Work order: Look in the data below for the line that has "UGNAYAN 2016 Marketing", then print exactly every line from there through the line that has "Pokémon TCG: 3 Pack Booster Blister", leaving pictures out.

[Dataset entries]
- - - -

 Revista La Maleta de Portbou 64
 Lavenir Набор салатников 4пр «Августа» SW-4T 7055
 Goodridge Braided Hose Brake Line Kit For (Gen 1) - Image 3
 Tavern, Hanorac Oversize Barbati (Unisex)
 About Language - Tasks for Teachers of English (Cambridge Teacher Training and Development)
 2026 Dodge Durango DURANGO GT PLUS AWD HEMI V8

- - - -

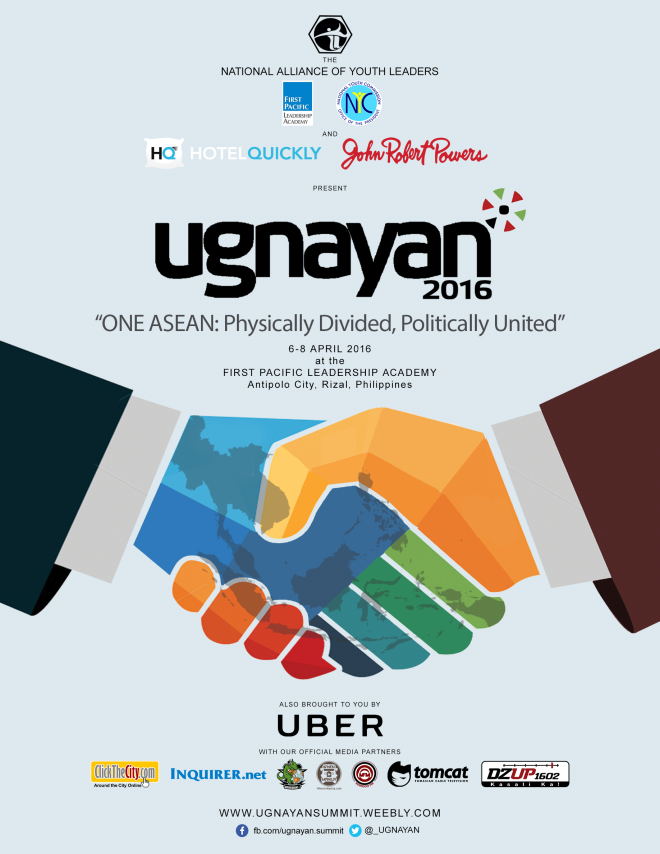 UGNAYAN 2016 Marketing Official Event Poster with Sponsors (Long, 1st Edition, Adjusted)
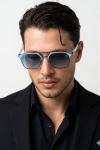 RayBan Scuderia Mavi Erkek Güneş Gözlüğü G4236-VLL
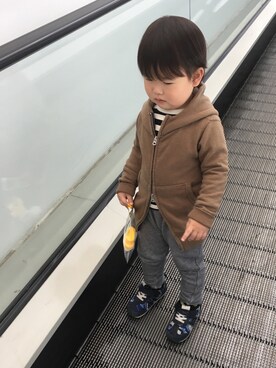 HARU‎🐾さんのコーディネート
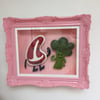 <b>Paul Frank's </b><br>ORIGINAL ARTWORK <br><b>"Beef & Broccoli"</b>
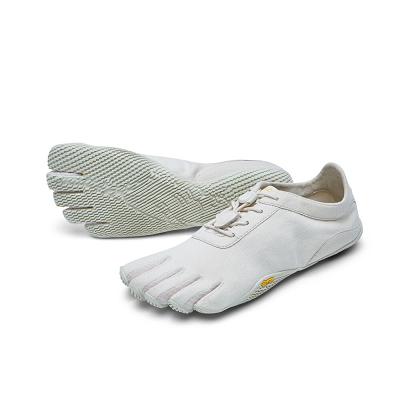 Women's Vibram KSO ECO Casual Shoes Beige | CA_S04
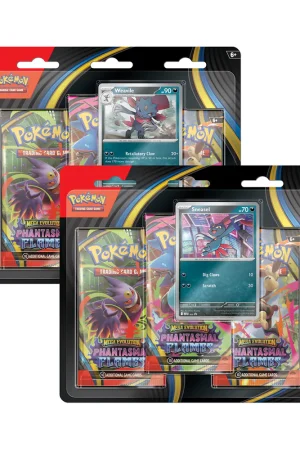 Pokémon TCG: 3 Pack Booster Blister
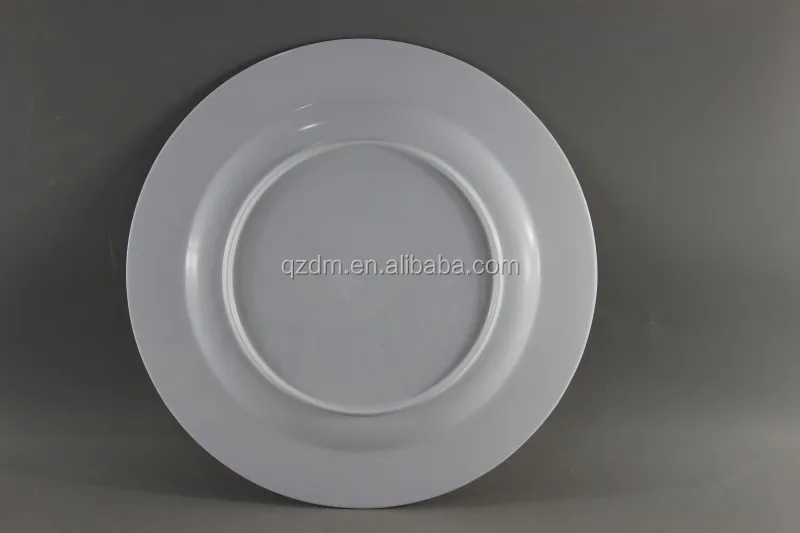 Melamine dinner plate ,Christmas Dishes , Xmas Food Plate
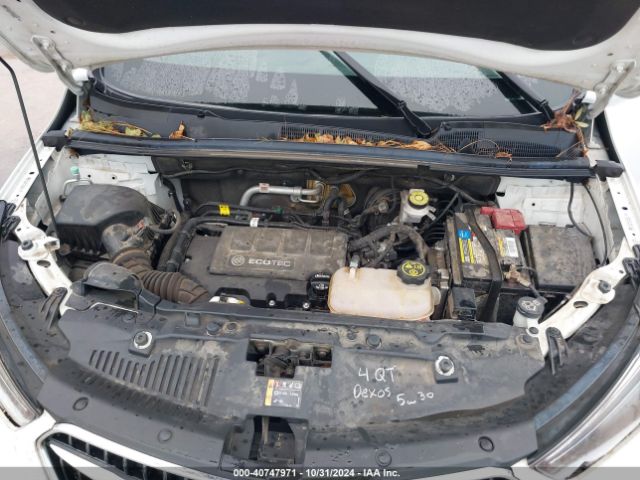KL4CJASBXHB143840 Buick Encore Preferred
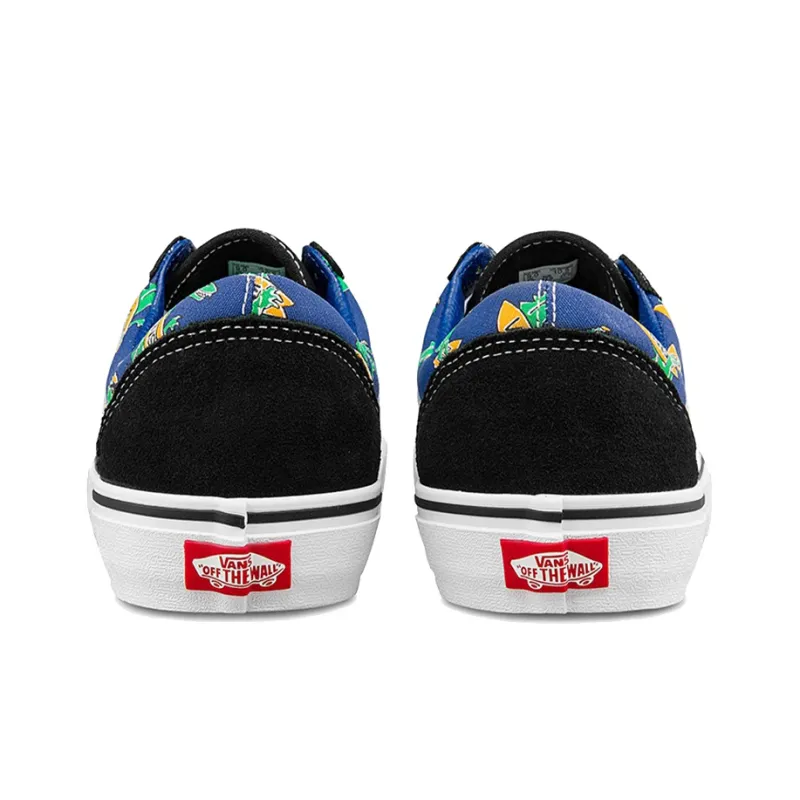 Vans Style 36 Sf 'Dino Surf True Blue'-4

- - - -

Response to this task:
 UGNAYAN 2016 Marketing Official Event Poster with Sponsors (Long, 1st Edition, Adjusted)
 RayBan Scuderia Mavi Erkek Güneş Gözlüğü G4236-VLL
 HARU‎🐾さんのコーディネート
 <b>Paul Frank's </b><br>ORIGINAL ARTWORK <br><b>"Beef & Broccoli"</b>
 Women's Vibram KSO ECO Casual Shoes Beige | CA_S04
 Pokémon TCG: 3 Pack Booster Blister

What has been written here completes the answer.